Il fischio è un elisir

- Allora dottore, mi spoglio?
- Credevo le facesse male l’orecchio.
- Esattamente. La prego mi aiuti, da ieri sera mi scoppia la testa.
- Lo immagino, il suo alito pare una distilleria. Apra bene e dica “aah”.
- Aaah. Aaah. Ah! Ah! Ah! Ah! Aaaaaa-
- Basta cosí. È stato molto espressivo.
- Posso rifarlo con la voce di Donna Summer?
- Mi dica piuttosto che le è successo.
- Ho avuto un rapporto intimo con un altoparlante.
- Più di uno direi. Ora proviamo il timpanometro e lei mi dice cosa sente.
- Sento una batteria di conga con sottofondo di schiavi nubiani vestiti solo di una foglia di banano.
- Non l’ho ancora acceso. Adesso?
- Come prima, ma remixato da Brodinski
- E adesso?
- Lo stesso, solo che ora ansimano e si rotolano nel fango.
- E adesso?
- Dottore, conosco il divvudì. Se manda un po’ avanti c’è una scena di gruppo che-
- Temo che lei abbia bisogno di una cura massiccia. Prenda cinquecento pillole ad ogni pasto.
- Non sono troppe?
- Sì ma è per tenerla occupato.
- [...]

- Signor Belguglielmo? Cosa sta facendo col mio stetoscopio?

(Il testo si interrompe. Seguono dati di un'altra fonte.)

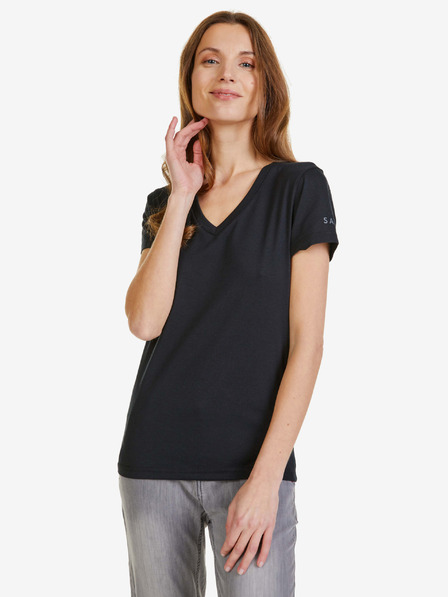 Sam 73 Claudia Tricou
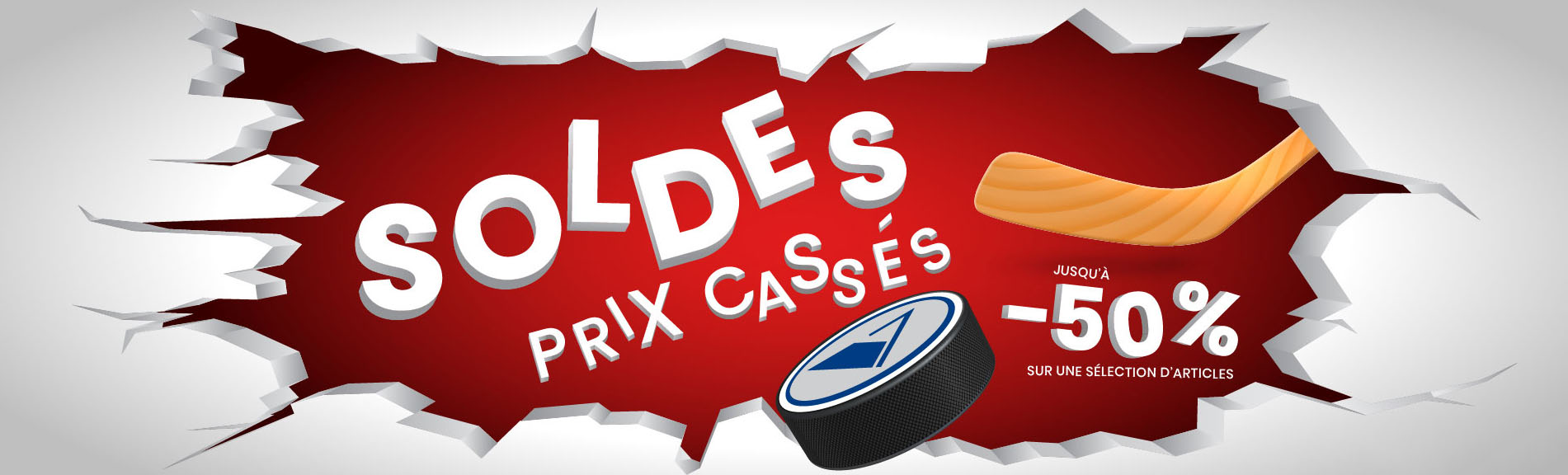 Hockey Équipement Magasin -Hockey Équipement Magasin tyutyi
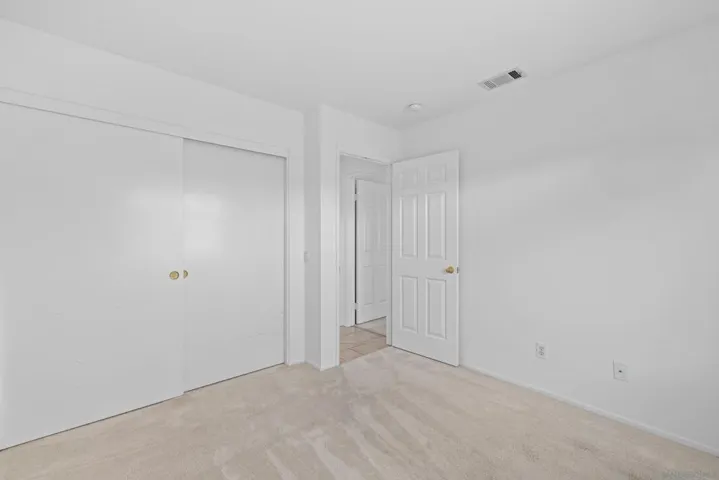 5761 Spur Ave, Oceanside, California 92057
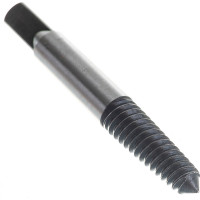 Набор экстракторов STAYER 4320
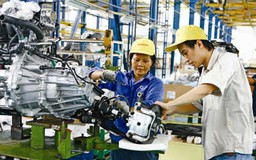 Thách thức trước ngưỡng cửa tự do kinh doanh – Bài 1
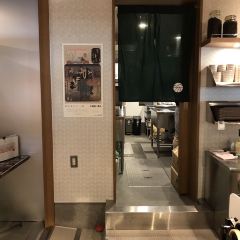 KITAMINATO User Photo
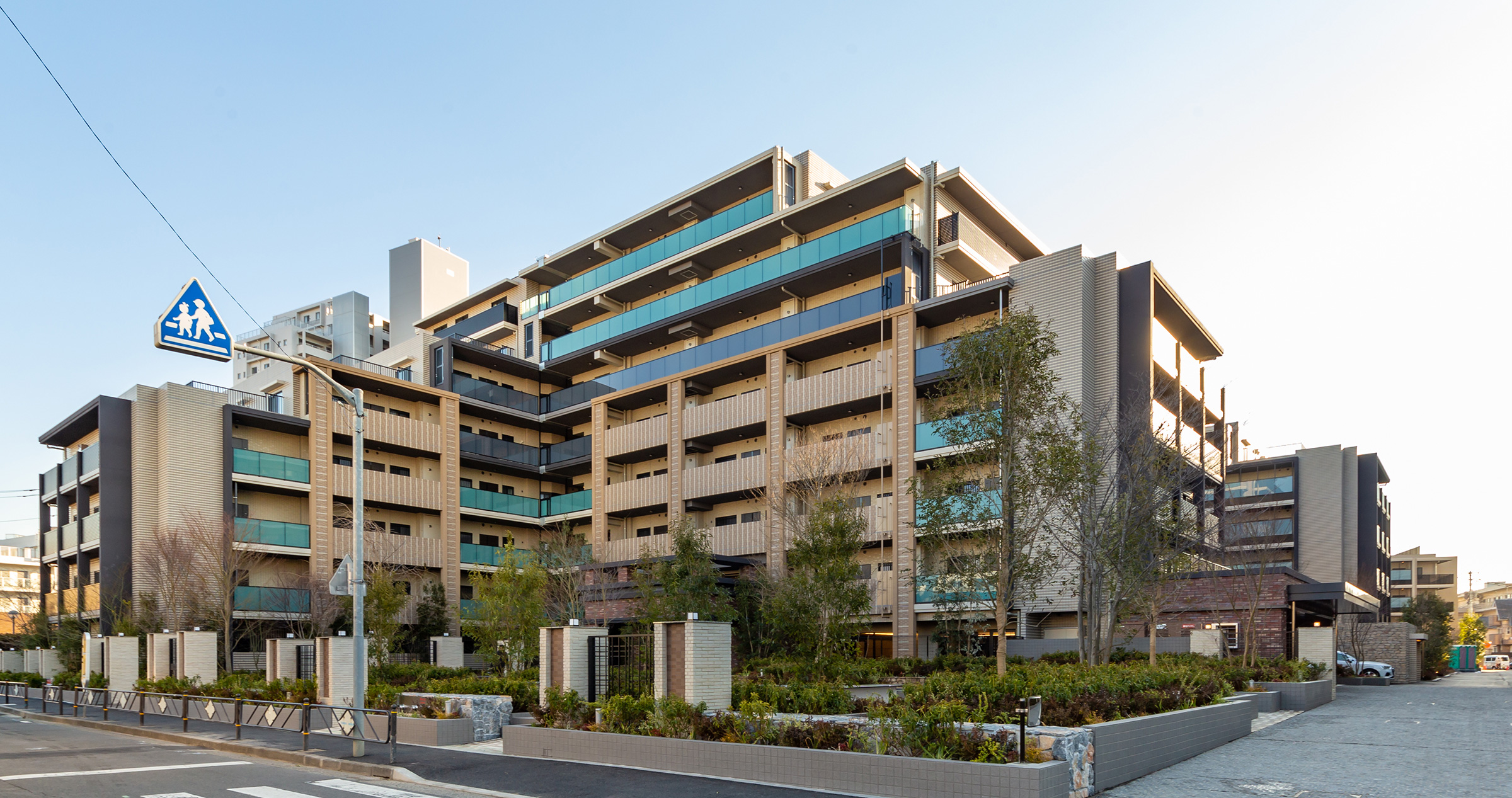 ABOUT】パラダイスリゾートについて｜パラダイスリゾート株式会社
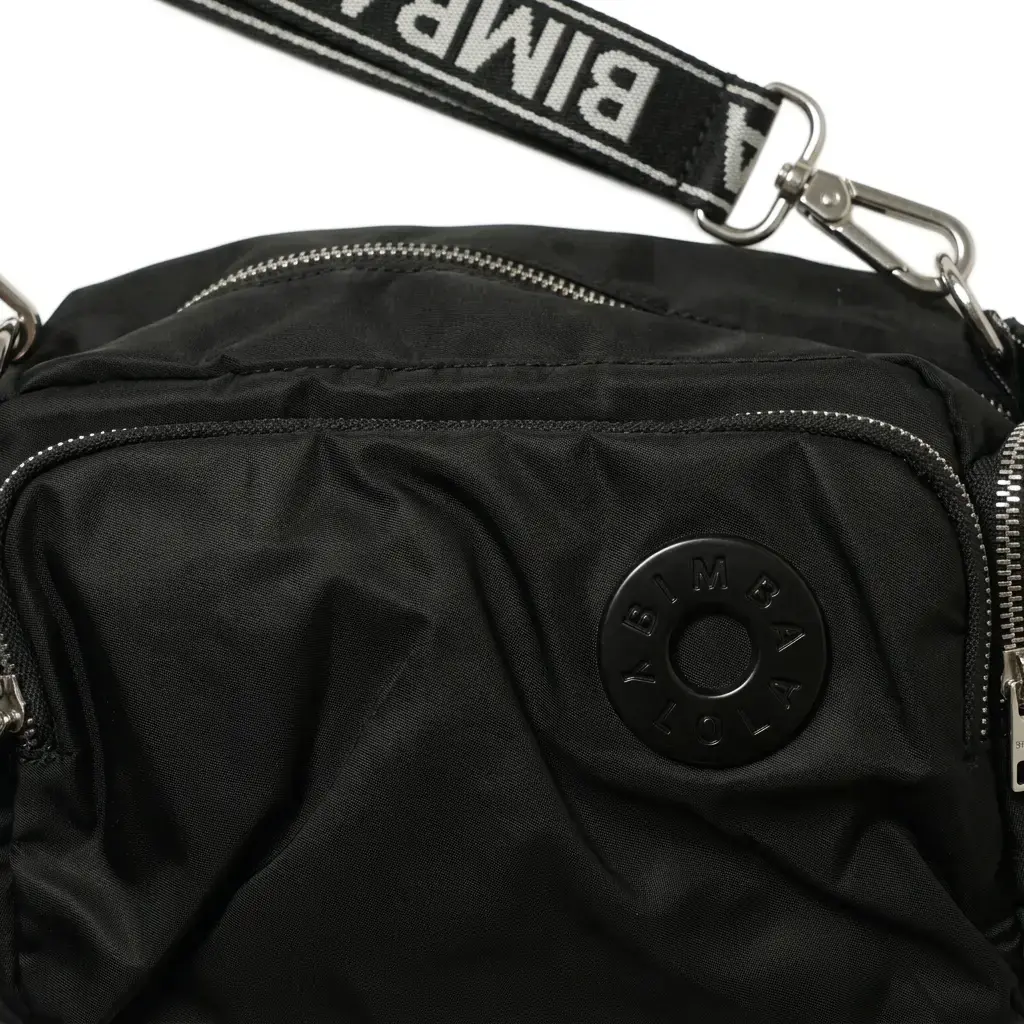 Bolso bandolera logo circular (Inspiración Bimba y Lola) 01.webp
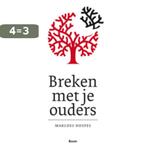 Breken met je ouders 9789461051653 Marloes Hospes, Boeken, Verzenden, Gelezen, Marloes Hospes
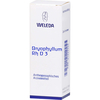 Bryophyllum RH D3 Dilution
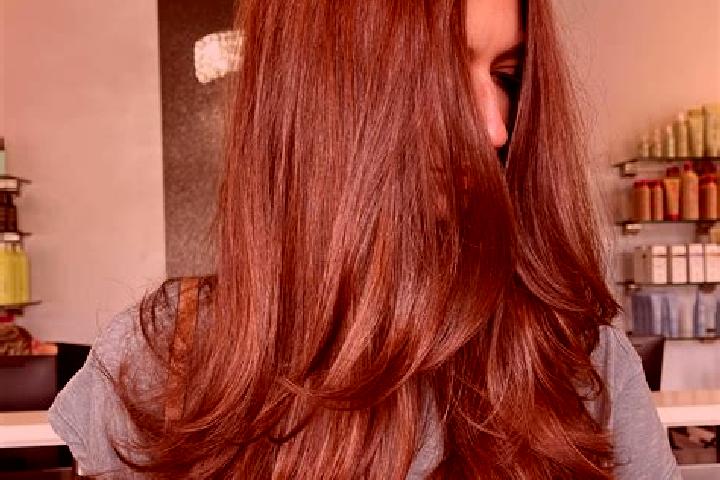 Addison, 38, a chestnut brown-eyed ebony companion based in Vlachata. Offering OWO, Couples, Erotic Massage. Available for incall and outcall, overnight book...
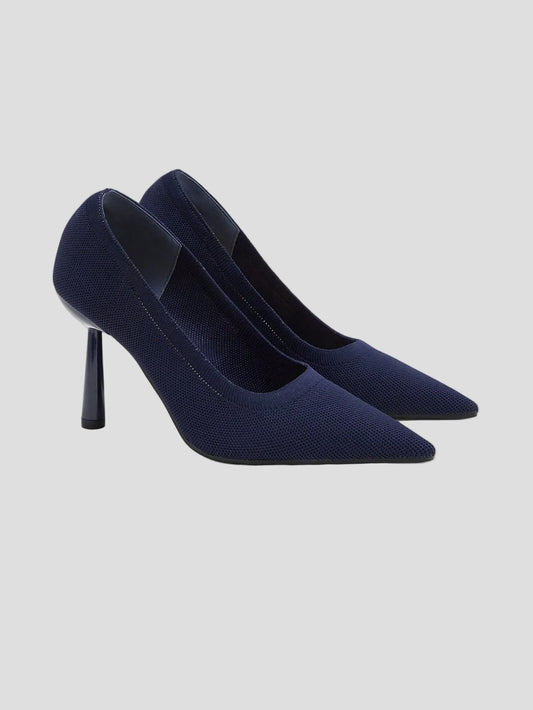 Vreni – Midnight Heels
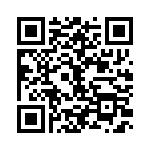 SRN6045-330M QRCode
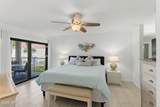 203 Pacifica Vista Way - Photo 12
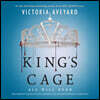 King's Cage
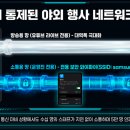 주식회사 더킹스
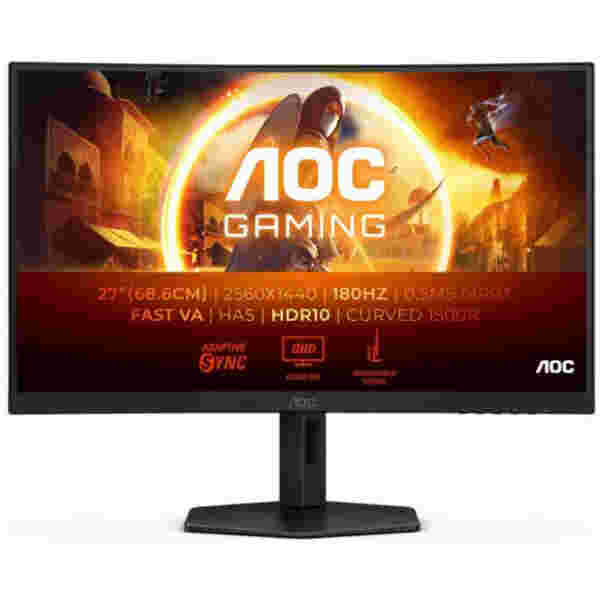 Monitor AOC 68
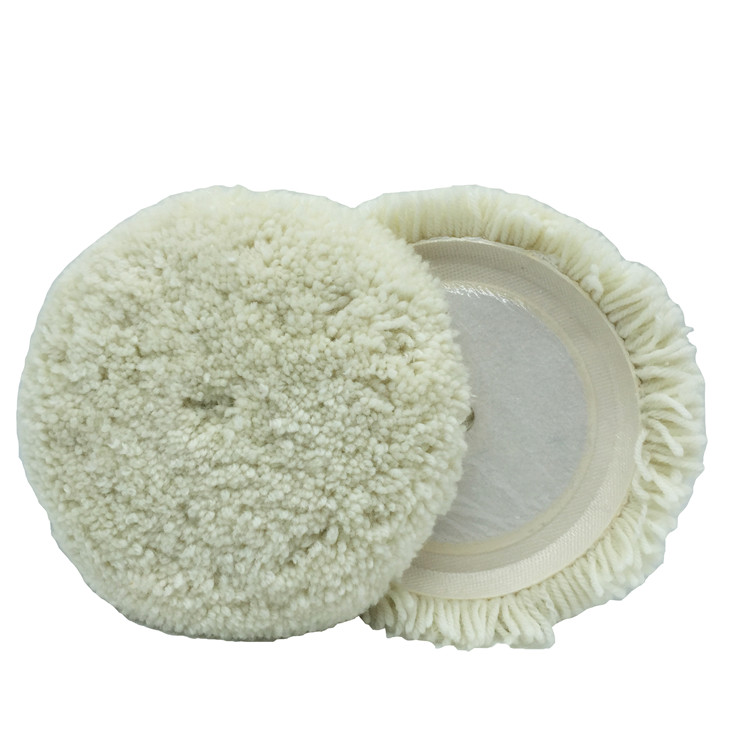 buffing pads (19).jpg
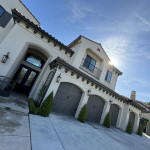 how-long-does-it-take-to-pressure-wash-fresno-ca.jpg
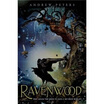 

Ravenwood
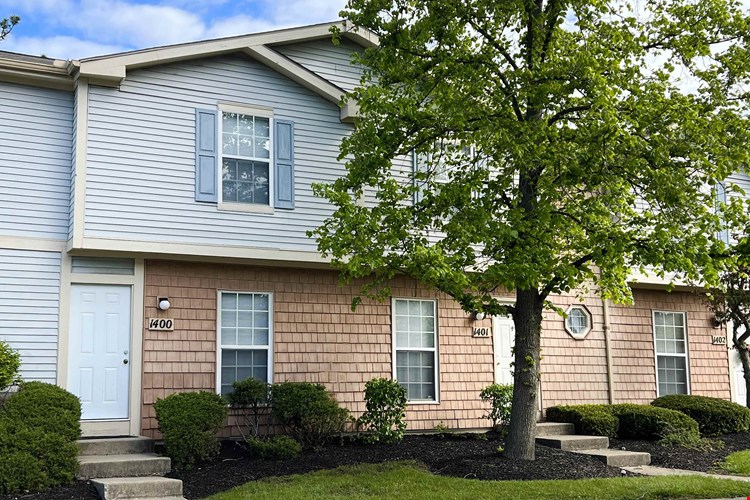 Woodhills Apartments Image 4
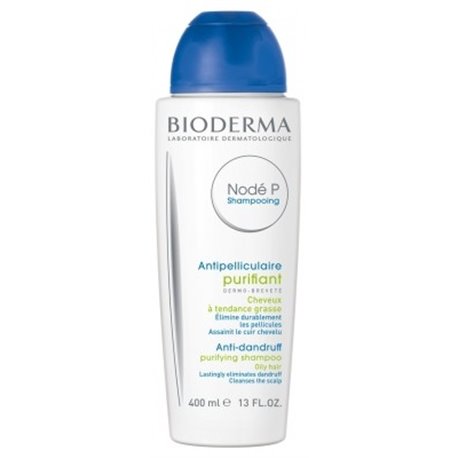 BIODERMA-Node-P-shampooing-antipelliculaire-apaisant-400-ml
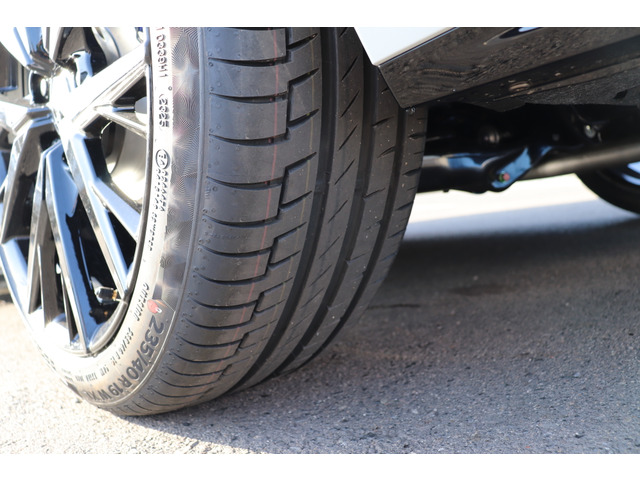 �������^�C�����V�i�Ȃ̂Ńo���a�ł�!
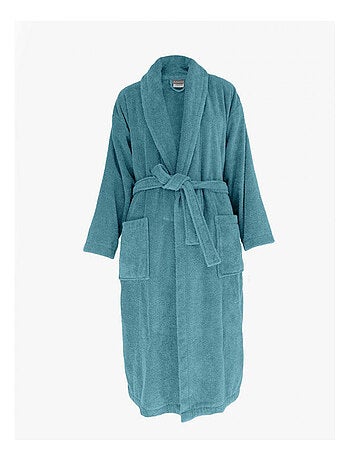 Peignoir - Vent du Sud - 100% Coton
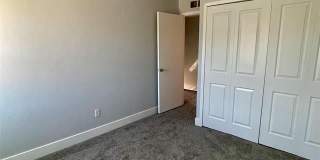 23594 N ROCKLEDGE Gallery 14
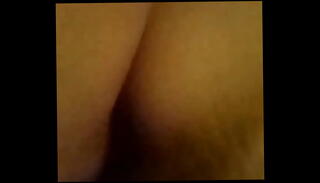 Video 892350295: bareback twink gay, twink amateur bareback, white cock breeding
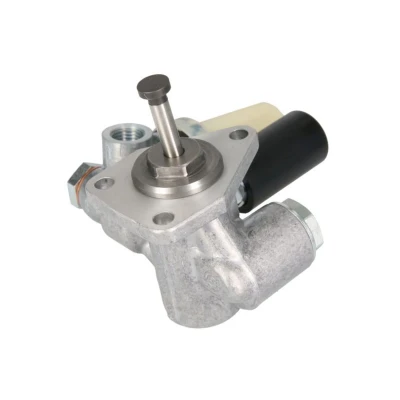 Kuva Syöttöpumppu, diesel (mekaaninen) BOSCH 0 440 017 042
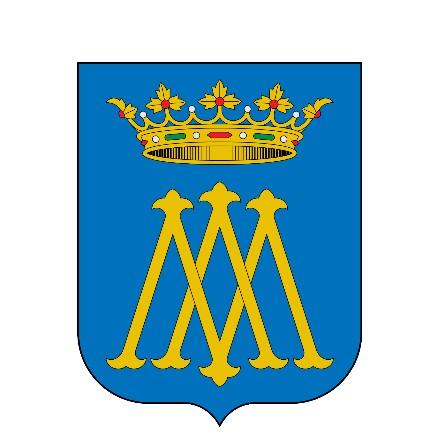 Marià Sportiu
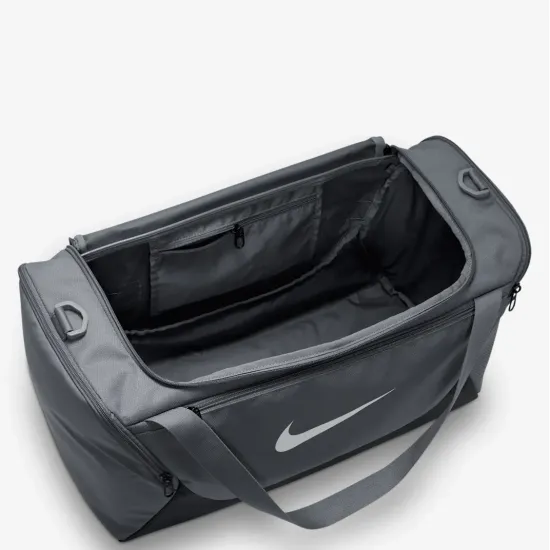 Сумка Nike Brasilia Training Duffel IB4394-084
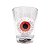 Copo Shot Olho Pisca Halloween - 1 Un - Imagem 1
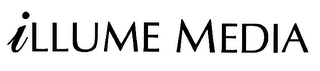 ILLUME MEDIA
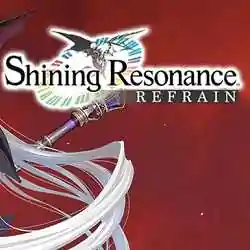 Shining Resonance Refrain Free PC Download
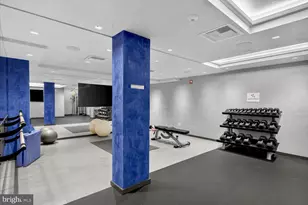 801 Pennsylvania Ave NW, Washington, DC 20004 - Photo 29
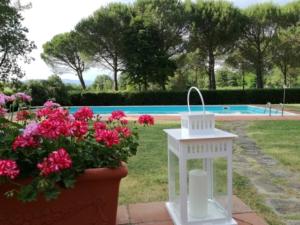 La Casa di Agata Deluxe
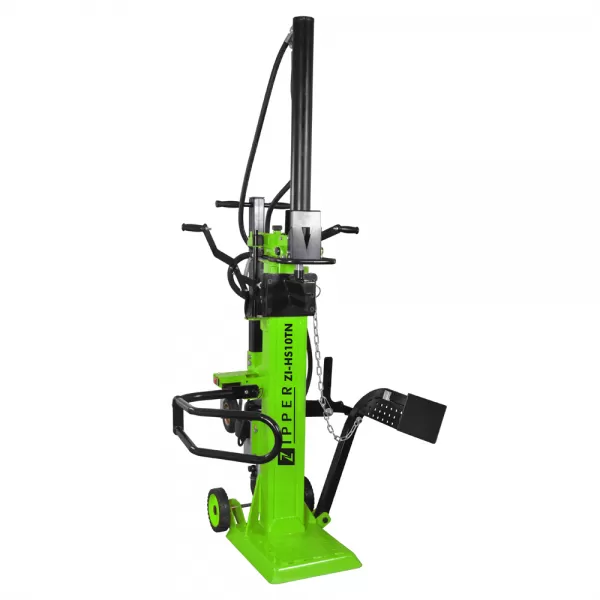 Štípač dřeva 11t Zipper ZI-HS10TN, 3000W
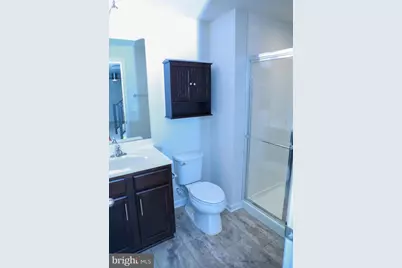 11801 Asbury Drive, Fort Washington, MD 20744 - Photo 30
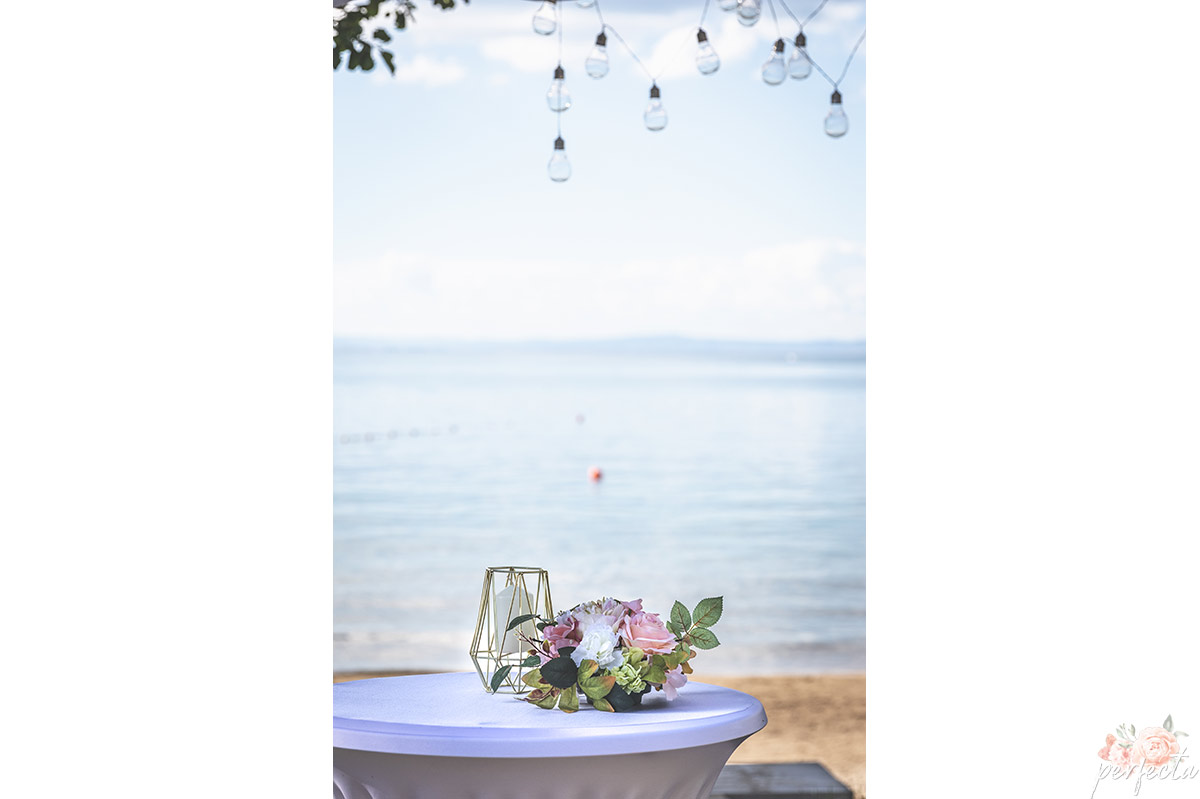 wedding by the sea, Black sea coast wedding, Burgas, Bulgaria 2025 Santa Marina wedding by the sea, Black sea coast wedding, Burgas, Bulgaria 2025 Santa Marina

Nella foto in alto, l'otorinolaringoiatra porge il timpanometro al Belguglielmo.

Monday, October 10, 2011

It felt like the world would freeze

È difficile spiegare Strasburgo a chi non ci è mai stato. Un sussiego nordico ammorbidito dagli interni caldi e carichi di legno delle brasserie alsaziane. Pioggia fina e rari passanti questa sera per le stradine pittoresche della Petite France, e quella cattedrale che pare piombata dal cielo, come il monolite di Kubrik, ad incastrarsi maestosamente nel selciato. Seguendo l'argine Kleber ripenso a quando Strasburgo era un rituale mensile, tollerabile dazio da pagare all'ascesa professionale che si incideva con inchiostro lucido sul mio curriculum e sulle mie scarpe di cuoio. Non ci tornavo da quasi un decennio, da quando il mio nome era affisso sulla porta di due uffici nei corridoi europei, i primi stipendi piovevano euforici e l'avvenire mi sfarfallava nel petto. Allora ignoravo che la vita si attorciglia agli imprevisti. Cammini con slancio, t'inginocchi un attimo a sciogliere le stringhe ed appena ti rialzi ti ritrovi adulto senza il preavviso necessario, circondato da toponimi germanici, a constatare la disfatta privata del pensiero razionalista.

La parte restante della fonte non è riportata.